2. Extract the Relevant Probabilities:
You need the probabilities for the sums of 7 and 11:
[tex]\[ P(7) = \frac{1}{6}, \quad P(11) = \frac{1}{18} \][/tex]

3. Calculate the Combined Probability:
Since getting a sum of 7 or 11 are mutually exclusive events, you can add their probabilities to find the total probability of getting either sum.
[tex]\[ P(7 \, \text{or} \, 11) = P(7) + P(11) \][/tex]

4. Substitute the Values:
[tex]\[ P(7 \, \text{or} \, 11) = \frac{1}{6} + \frac{1}{18} \][/tex]
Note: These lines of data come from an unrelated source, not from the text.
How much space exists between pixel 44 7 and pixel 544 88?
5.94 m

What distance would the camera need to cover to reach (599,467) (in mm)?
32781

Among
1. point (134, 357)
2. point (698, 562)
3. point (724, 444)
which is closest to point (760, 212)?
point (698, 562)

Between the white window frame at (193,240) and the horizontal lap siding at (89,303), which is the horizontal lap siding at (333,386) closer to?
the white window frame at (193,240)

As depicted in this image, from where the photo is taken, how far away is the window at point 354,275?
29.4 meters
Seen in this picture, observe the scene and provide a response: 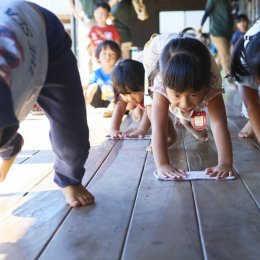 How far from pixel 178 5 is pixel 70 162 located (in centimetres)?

5. Find a Common Denominator and Add:
The common denominator for 6 and 18 is 18.
[tex]\[ \frac{1}{6} = \frac{3}{18} \][/tex]
Therefore,
[tex]\[ P(7 \, \text{or} \, 11) = \frac{3}{18} + \frac{1}{18} = \frac{4}{18} = \frac{2}{9} \][/tex]

So, the probability of getting a sum of 7 or 11 when you toss two number cubes is:
[tex]\[ \boxed{\frac{2}{9} \approx 0.2222222222} \][/tex]

In decimal form, this is approximately 0.2222, or 22.22%.